Beat-It: Beat-Synchronized Multi-Condition 3D Dance Generation

Zikai Huang1, Xuemiao Xu1,3,4,*, Cheng Xu2*, Huaidong Zhang1, Chenxi Zheng1, Jing Qin2, Shengfeng He5
1South China University of Technology, 2The Hong Kong Polytechnic University, 3Guangdong Engineering Center for Large Model and GenAI Technology, 4Guangdong Provincial Key Lab of Computational Intelligence and Cyberspace Information, 5Singapore Management University
Best viewed with audio 🎧

Beat-synchronized keyframe-controlled dance generation with Beat-It.

To demonstrate the superiority of our method in beat-synchronized keyframe-controlled dance generation, we feed our model with the same music and beats with varying keyframes for dance generation.

Arbitrary beat-controlled dance generation with Beat-It.

To illustrate the flexible beat controllability of our method, we present an example where the beat condition is not strictly aligned with the music beats.

Abstract

Dance, as an art form, fundamentally hinges on the precise synchronization with musical beats. However, achieving aesthetically pleasing dance sequences from music is challenging, with existing methods often falling short in controllability and beat alignment.

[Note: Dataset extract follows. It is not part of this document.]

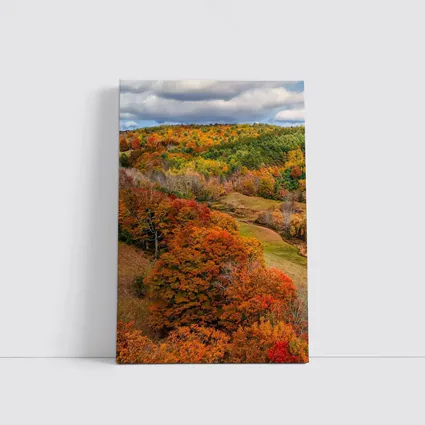 Autumn Forest Hills Rolling Green Valley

To address these shortcomings, this paper introduces Beat-It, a novel framework for beat-specific, key pose-guided dance generation. Unlike prior approaches, Beat-It uniquely integrates explicit beat awareness and key pose guidance, effectively resolving two main issues: the misalignment of generated dance motions with musical beats, and the inability to map key poses to specific beats, critical for practical choreography. Our approach disentangles beat conditions from music using a nearest beat distance representation and employs a hierarchical multi-condition fusion mechanism. This mechanism seamlessly integrates key poses, beats, and music features, mitigating condition conflicts and offering rich, multi-conditioned guidance for dance generation. Additionally, a specially designed beat alignment loss ensures the generated dance movements remain in sync with the musical beats. Extensive experiments confirm Beat-It's superiority over existing state-of-the-art methods in terms of beat alignment and motion controllability.

Method

Comparison

We compare our method with the state-of-the-art methods EDGE, Bailando, and FACT on the AIST++ dataset. Note that only EDGE supports keyframe control while the other two methods do not.

Specifically, Bailando generates key points in Cartesian space, necessitating resource-intensive post-processing for animating 3D characters. To ensure an equitable evaluation, we opted for visualizing skeleton stick figures instead of using its original representation in our comparisons.

Ablation

Different Ratios of Keyframes Condition

Different Conditions Combinations

In the Wild

To illustrate the generalization ability of our method, we also evaluate our method on in-the-wild music videos. We randomly select different samples from the AIOZ-GDANCE dataset for evaluation. The left side showcases the input keyframes, while the generated outcomes are displayed on the right.